This is the mail archive of the guile@cygnus.com mailing list for the guile project.


Index Nav: [Date Index] [Subject Index] [Author Index] [Thread Index]
Message Nav: [Date Prev] [Date Next] [Thread Prev] [Thread Next]

Re: difficulty of writing translators



; It is often mentioned that translators from other language into
; scheme are an important point in Stallman's plans for the guile
; project.
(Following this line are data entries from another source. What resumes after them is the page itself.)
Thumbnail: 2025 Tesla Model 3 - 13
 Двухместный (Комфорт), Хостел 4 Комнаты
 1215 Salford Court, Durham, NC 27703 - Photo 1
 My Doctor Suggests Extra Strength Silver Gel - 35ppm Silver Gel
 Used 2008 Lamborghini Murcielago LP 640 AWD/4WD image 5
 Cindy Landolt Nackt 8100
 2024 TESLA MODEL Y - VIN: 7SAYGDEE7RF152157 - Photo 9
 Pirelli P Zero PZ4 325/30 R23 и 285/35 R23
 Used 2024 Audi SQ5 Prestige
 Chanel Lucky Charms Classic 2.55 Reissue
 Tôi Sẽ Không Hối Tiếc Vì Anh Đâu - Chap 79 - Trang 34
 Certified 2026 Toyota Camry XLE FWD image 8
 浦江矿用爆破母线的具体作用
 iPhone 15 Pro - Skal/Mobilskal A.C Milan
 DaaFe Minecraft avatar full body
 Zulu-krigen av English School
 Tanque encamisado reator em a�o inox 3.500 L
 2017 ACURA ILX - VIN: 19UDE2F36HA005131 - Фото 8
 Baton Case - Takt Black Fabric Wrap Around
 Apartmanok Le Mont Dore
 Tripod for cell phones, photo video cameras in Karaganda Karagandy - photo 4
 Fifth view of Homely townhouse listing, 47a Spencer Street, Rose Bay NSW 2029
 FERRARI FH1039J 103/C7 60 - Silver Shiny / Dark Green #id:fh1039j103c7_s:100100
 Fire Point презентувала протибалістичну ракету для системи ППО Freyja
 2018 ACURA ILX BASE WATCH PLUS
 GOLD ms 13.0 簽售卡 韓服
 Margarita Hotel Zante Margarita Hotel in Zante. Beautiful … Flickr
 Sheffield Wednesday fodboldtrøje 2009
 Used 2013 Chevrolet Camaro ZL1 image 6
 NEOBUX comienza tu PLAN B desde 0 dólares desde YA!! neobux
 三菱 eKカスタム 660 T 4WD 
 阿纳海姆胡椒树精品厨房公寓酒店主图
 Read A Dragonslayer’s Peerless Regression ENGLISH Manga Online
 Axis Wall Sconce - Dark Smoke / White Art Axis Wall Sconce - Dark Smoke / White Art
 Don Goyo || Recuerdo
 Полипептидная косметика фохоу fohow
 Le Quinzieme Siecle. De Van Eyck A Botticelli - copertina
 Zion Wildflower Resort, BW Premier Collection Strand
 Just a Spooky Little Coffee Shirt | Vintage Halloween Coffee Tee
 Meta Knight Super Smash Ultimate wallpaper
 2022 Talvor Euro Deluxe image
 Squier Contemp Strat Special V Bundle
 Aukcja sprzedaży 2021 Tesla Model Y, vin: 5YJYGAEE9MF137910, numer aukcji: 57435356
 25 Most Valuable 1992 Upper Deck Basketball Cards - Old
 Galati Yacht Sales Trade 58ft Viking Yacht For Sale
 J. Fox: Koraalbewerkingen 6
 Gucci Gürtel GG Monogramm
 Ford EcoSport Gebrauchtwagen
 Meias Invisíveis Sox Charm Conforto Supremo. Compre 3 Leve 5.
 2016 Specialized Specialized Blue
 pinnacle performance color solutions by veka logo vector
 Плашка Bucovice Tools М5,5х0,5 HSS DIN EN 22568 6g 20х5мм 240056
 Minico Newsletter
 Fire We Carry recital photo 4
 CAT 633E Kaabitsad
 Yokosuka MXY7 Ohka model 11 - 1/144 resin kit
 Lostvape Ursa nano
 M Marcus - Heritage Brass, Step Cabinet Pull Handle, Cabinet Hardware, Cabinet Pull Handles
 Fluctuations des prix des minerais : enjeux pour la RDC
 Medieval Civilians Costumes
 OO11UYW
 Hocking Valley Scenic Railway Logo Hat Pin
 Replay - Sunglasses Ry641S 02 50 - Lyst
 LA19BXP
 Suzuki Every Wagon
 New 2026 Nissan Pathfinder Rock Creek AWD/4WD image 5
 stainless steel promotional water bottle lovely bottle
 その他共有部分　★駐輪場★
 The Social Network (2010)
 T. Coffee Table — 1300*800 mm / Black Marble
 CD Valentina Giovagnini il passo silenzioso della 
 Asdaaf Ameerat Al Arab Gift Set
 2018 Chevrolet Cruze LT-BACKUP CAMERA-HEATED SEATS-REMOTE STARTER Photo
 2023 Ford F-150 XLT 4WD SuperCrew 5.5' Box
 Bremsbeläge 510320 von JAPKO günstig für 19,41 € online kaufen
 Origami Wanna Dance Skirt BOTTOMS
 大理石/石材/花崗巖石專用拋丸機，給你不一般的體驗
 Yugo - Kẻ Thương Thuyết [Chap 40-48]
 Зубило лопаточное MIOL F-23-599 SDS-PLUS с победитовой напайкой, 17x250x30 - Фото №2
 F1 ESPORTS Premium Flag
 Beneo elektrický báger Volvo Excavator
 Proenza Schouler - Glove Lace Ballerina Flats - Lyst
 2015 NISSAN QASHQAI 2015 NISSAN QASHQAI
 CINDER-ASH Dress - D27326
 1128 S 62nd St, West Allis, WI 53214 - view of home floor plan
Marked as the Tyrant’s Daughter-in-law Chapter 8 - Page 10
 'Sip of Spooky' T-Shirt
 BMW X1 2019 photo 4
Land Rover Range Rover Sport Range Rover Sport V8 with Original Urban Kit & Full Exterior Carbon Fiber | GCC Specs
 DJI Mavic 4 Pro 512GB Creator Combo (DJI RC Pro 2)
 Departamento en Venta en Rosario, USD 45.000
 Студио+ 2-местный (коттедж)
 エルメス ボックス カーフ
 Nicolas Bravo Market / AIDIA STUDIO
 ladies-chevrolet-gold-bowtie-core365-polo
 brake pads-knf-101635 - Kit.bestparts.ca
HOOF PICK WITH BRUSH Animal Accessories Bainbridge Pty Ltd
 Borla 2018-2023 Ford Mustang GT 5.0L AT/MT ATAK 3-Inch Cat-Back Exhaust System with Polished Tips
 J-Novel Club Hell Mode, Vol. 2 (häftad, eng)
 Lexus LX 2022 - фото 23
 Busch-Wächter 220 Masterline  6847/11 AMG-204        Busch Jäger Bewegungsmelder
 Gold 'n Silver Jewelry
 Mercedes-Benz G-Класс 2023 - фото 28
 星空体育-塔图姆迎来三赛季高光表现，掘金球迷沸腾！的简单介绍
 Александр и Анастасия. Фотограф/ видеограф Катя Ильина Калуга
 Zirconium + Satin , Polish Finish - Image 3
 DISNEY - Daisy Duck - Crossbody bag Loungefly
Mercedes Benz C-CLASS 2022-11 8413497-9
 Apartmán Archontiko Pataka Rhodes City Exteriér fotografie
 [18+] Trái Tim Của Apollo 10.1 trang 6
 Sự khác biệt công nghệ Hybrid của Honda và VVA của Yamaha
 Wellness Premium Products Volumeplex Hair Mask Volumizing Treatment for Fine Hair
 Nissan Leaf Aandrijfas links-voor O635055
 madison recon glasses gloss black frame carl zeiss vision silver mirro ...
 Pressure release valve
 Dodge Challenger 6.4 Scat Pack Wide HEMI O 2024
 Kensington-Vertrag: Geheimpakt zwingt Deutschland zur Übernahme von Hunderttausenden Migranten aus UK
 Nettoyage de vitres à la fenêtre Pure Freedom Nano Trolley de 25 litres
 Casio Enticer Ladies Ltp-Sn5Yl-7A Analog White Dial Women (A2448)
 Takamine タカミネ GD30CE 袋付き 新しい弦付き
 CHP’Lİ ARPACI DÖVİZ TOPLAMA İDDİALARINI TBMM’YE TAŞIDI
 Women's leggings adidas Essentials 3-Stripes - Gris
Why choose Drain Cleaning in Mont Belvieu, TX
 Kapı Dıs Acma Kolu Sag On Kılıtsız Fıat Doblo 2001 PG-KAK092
Already the tcl-war archive logs some arguing about that.
; Though scheme seems to have everything necessary to adapt elegantly
; to foreign syntaxes, writing particular translators seems always a
; non-trivial task.  Are there intuitive estimates, which languages
; are hard to translate and thus require a brainstorming of
; programmers with decades of experience, and which are fairly easy?

Yes and no.  I don't think anyone knows quite what it will be like for
all these languages.  A better way to answer your question might be to
describe the process and judge for yourself.

* Construct a reader which takes source code and converts it into a
parse tree.

** You could write a custom reader in Scheme, using a C module, scheme
regular-expression stuff, the scheme reader, and any other
miscellaneous toys that are handy.  In particular, one could possibly
use the reader from some free implementation of the language.  (One
would dynamically link this in).

** You could write a lexer and a parser spec using the lang module.
This resembles using lex and yacc.

* Translate the parse tree into scheme source in some reasonable way.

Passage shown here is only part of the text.